Il ne serait pas étonnant, s’agissant de la Syrie, que ces « mesures nécessaires » aient comporté l’organisation « d’évènements » justifiant une omniprésence sécuritaire et militaire renforcée dans les rues de ces villes. S’ajoutant à la mise en garde récemment adressée par le chef de l’Etat aux grands commerçants de la capitale, qui devaient choisir leur camp et cesser d’apporter leur soutien à la révolution sous peine de voir le Souq Hamidieh et Damas intra-muros subir le même sort que le quartier de Baba Amro à Homs, hier, et celui d’Al Kaylaniyeh à Hama, en 1982, elles ont momentanément refroidi l’ardeur des Damascènes, puis, le lendemain, celle des Alépins.
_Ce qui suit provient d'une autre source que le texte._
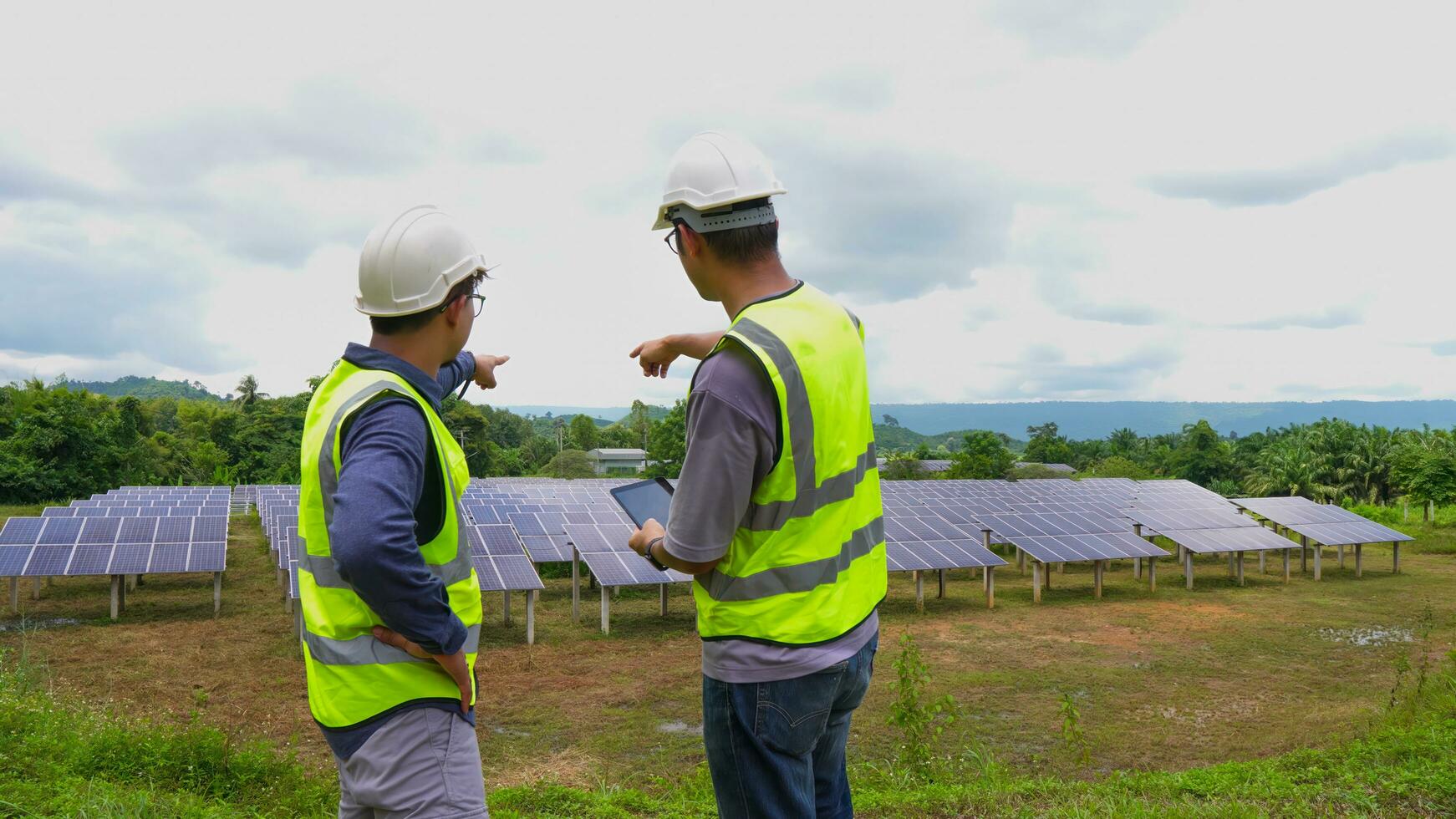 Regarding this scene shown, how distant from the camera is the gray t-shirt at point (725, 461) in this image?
1975mm

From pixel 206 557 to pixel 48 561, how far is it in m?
2.11

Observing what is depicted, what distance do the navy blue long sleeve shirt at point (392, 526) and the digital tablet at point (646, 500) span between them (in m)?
0.56

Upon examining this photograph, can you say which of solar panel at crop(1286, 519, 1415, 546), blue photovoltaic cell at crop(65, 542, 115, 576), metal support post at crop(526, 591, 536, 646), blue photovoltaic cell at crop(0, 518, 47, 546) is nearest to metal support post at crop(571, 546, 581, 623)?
metal support post at crop(526, 591, 536, 646)

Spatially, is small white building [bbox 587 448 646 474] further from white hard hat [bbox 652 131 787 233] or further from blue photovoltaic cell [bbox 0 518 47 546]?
white hard hat [bbox 652 131 787 233]

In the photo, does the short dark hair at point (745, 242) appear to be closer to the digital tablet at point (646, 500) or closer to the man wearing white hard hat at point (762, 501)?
the man wearing white hard hat at point (762, 501)

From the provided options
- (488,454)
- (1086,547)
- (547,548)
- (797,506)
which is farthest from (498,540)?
(488,454)

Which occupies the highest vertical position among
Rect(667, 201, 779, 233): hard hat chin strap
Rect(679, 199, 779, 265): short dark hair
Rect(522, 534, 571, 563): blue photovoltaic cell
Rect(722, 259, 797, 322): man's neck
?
Rect(667, 201, 779, 233): hard hat chin strap

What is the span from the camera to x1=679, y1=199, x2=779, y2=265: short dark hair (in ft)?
7.33

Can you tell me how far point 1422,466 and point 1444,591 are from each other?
13567 mm

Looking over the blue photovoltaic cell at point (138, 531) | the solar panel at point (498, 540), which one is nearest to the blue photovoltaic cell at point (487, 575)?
the solar panel at point (498, 540)

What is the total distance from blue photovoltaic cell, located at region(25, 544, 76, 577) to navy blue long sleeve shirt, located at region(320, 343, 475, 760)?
47.3ft

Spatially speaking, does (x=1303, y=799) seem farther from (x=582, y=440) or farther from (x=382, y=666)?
Answer: (x=582, y=440)

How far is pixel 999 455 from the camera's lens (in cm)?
4366

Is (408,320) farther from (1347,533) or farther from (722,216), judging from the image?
(1347,533) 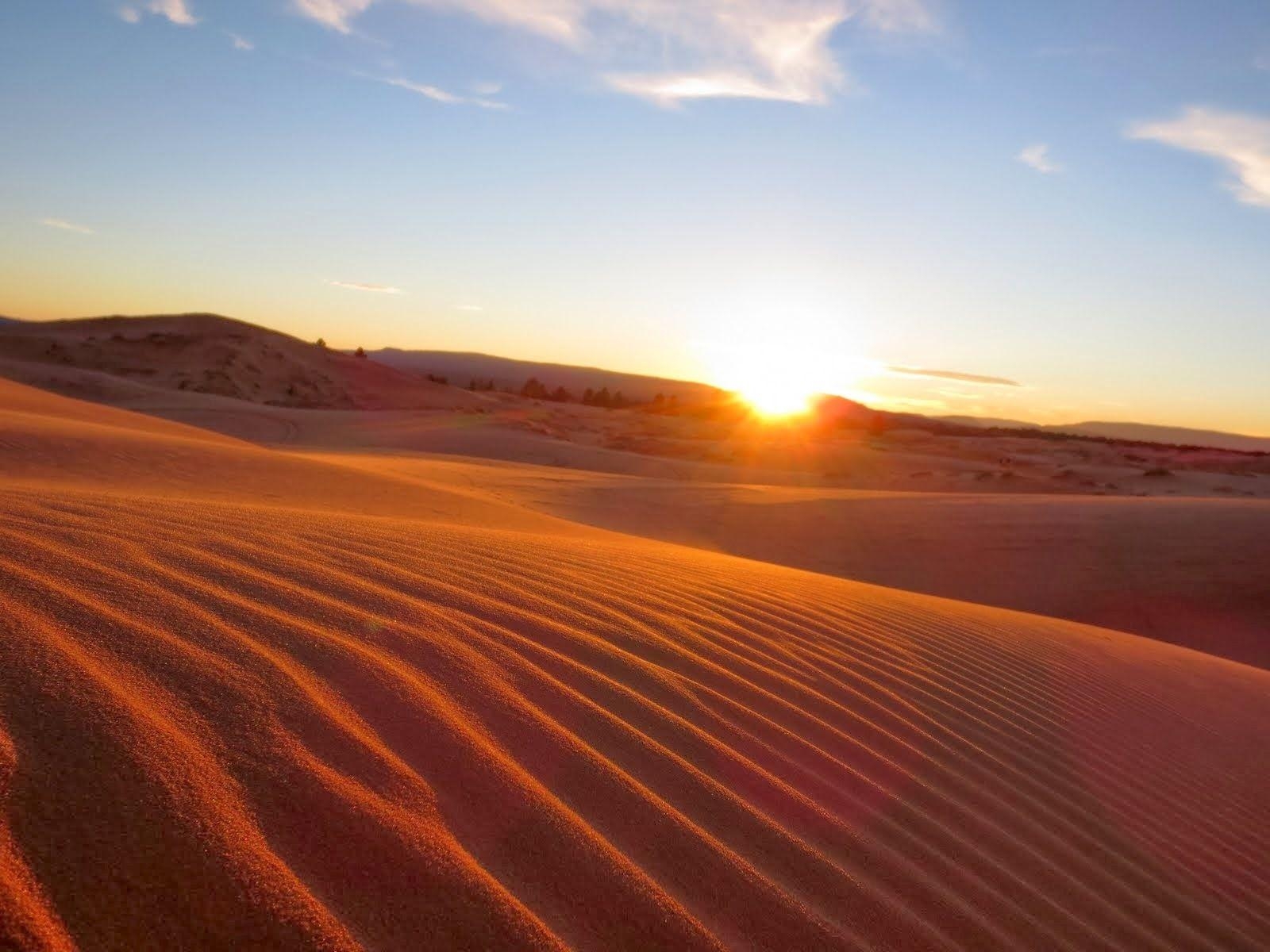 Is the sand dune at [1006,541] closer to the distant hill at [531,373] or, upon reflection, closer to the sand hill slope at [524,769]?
the sand hill slope at [524,769]

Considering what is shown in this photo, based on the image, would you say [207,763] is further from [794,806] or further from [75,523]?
[75,523]

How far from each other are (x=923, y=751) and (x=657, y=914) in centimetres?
179

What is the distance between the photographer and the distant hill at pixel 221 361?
34125 millimetres

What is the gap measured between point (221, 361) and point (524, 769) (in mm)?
37301

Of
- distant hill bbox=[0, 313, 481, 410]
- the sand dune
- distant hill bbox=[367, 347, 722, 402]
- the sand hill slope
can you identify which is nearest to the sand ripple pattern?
the sand hill slope

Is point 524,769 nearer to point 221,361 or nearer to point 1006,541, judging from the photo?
point 1006,541

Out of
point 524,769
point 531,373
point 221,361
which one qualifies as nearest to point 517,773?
point 524,769

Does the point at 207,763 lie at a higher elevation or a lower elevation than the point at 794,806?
higher

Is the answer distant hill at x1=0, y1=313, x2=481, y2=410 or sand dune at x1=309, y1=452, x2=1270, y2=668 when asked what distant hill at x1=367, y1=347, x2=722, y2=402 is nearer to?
distant hill at x1=0, y1=313, x2=481, y2=410

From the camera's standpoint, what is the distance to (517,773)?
7.49ft

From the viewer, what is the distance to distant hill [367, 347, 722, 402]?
107 m

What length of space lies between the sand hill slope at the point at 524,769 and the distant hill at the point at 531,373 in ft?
304

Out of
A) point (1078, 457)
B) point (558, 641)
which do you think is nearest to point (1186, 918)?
point (558, 641)

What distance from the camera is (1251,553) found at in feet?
36.3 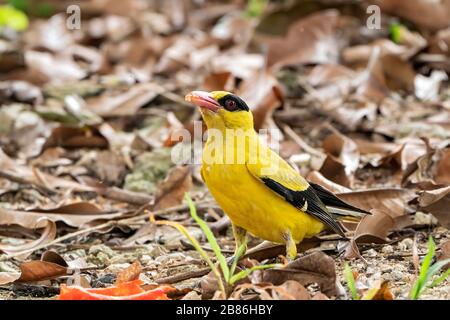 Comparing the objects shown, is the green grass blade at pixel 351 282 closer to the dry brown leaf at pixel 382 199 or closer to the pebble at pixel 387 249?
the pebble at pixel 387 249

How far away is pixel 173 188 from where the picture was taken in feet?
15.3

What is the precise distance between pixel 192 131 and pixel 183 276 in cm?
189

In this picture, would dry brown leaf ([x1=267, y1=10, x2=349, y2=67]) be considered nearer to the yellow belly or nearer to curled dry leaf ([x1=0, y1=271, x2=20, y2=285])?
the yellow belly

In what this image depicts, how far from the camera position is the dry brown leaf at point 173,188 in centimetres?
463

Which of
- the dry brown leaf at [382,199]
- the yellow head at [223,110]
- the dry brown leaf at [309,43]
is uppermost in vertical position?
the dry brown leaf at [309,43]

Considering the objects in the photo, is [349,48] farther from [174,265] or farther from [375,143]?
[174,265]

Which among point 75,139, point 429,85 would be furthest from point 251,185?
point 429,85

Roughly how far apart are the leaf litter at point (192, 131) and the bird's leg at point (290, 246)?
0.20 meters

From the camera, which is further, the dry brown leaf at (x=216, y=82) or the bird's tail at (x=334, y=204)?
the dry brown leaf at (x=216, y=82)

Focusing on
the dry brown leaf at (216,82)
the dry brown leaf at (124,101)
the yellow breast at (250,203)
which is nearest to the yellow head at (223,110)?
the yellow breast at (250,203)

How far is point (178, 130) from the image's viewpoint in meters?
5.36

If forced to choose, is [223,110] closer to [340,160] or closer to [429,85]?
[340,160] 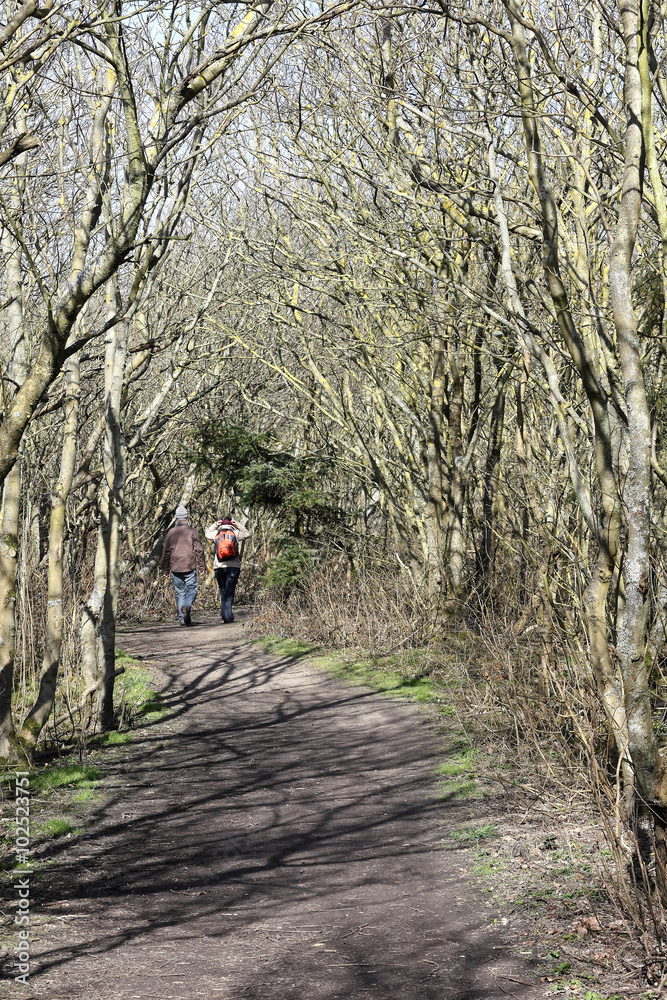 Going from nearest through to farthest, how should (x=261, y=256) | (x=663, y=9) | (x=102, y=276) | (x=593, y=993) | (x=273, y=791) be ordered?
1. (x=593, y=993)
2. (x=102, y=276)
3. (x=663, y=9)
4. (x=273, y=791)
5. (x=261, y=256)

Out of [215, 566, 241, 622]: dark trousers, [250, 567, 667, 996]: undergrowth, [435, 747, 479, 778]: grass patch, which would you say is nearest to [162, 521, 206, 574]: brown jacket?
[215, 566, 241, 622]: dark trousers

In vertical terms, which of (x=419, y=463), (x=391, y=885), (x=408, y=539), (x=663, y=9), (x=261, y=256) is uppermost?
(x=261, y=256)

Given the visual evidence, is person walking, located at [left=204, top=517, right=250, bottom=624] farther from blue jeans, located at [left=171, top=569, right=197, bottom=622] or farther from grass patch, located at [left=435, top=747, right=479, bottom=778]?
grass patch, located at [left=435, top=747, right=479, bottom=778]

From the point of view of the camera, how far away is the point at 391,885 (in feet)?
17.6

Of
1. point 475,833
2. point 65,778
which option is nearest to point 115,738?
point 65,778

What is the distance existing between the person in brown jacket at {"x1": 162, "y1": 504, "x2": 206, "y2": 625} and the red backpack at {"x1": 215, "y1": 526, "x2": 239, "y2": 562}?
48 centimetres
On notera au passage que le chef de l’Etat, qui recevait une délégation de ces commerçants en présence de son beau-frère, Asef Chawkat, a recouru dans son avertissement à une formule de menace, parlant de « démolir Damas sur leurs têtes et raser la ville et ses vieux quartiers« , qui rappelle fâcheusement celle que le défunt Rafiq Al Hariri avait entendu de sa bouche, lors de la dernière entrevue entre les deux hommes, le 26 août 2004. Furieux de constater l’opposition du Premier ministre libanais à un nouveau mandat de « son ami » le président Emile Lahoud, contraire à la Constitution, Bachar Al Assad avait alors affirmé qu’il était prêt à « casser le Liban sur la tête » de ceux qui, comme son visiteur et Walid Jounblatt, contrecarraient ses projets dans leur pays. On sait ce qu’il est advenu au premier, le 14 février 2005 à Beyrouth.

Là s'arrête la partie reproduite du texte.